Mars Adventure-Faculty & Staff News - Carnegie Mellon University

Monday, February 4, 2013

Mars Adventure

Two-week Simulation Spurs Imagination of Students, Lecturer

Mission to MarsA Mars simulator in the Utah desert has captured the imagination of CMU students and staff alike.

Diane Turnshek, a physics lab technician, lecturer and writer, never imagined spending Christmas on Mars until last summer when she heard about the Mars Desert Research Station.

"It was the best sky I've ever seen in my life," she said. "No light pollution, brilliant Milk Way. There were no airplanes or contrails - no evidence of humans in the whole sky."

She and Nora Swisher, a doctoral student in physics, applied for the same two-week crew stint in late December. While there, they met Dan Wilcox, a Master of Fine Arts student who was wrapping up his own two-week experience.

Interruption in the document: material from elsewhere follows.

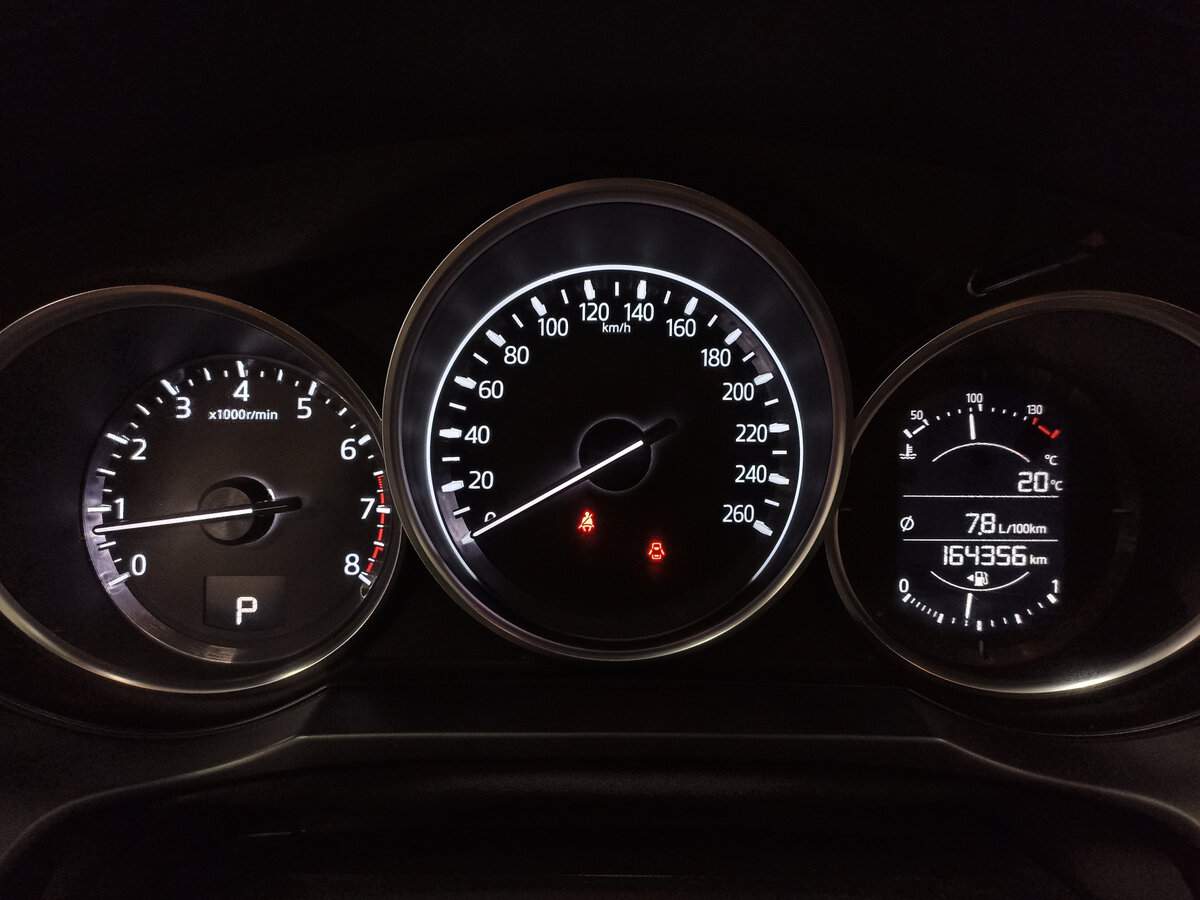 Б/У Мазда 6 2016 года. Фото: #12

The simulation program is run by the Mars Society from December through May each year. Teams of volunteers explore the surrounding terrain and conduct experiments. Turnshek, Swisher and Wilcox all received support for the experience through Carnegie Mellon, which included the College of Fine Arts, the School of Art, the Mellon College of Science and the Department of Physics.

The experience is designed to help astronauts prepare for human exploration on the red planet. Swisher said oftentimes they completed normal tasks in unusual ways, such as cleaning and eating.

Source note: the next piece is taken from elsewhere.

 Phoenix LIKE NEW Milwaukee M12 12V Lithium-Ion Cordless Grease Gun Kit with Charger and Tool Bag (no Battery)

"You have to approach cooking in a different way. You have a lot of dehydrated vegetables that you had to soak for 20 or 30 minutes beforehand and then cook them," Wilcox said. Because of the altitude of the site, water also boiled at a lower temperature.

All of the water was trucked in to the site, so water conservation was important. Showers were quick, dishes were often left soapy and the hot water pipes were frozen for a few days.

But even the extraordinary became ordinary.

"We each had a day where we forgot we were wearing a suit, like the day when I tried to blow dirt off my pen while I had my helmet on," Wilcox said. "But of course you just fog up your helmet. And that's an interesting thing. It's such a big deal on the first day when you come and it takes an hour to put it on and then a week in, you don't even notice it."

As many conditions needed to live on Mars were simulated as much as possible. While outdoors, the team wore spacesuits, entered and exited airlocks and tested all-terrain vehicles.

Indoors, they were subjected to close quarters including sharing a single bathroom. Downtime was limited to an hour or two in the evenings for journaling,
resting and emailing friends and family. Any communications with the outside world included a 20-minute time lag.

Turnshek, Swisher and Wilcox weren't the only ones with CMU connections to "visit Mars" this past year.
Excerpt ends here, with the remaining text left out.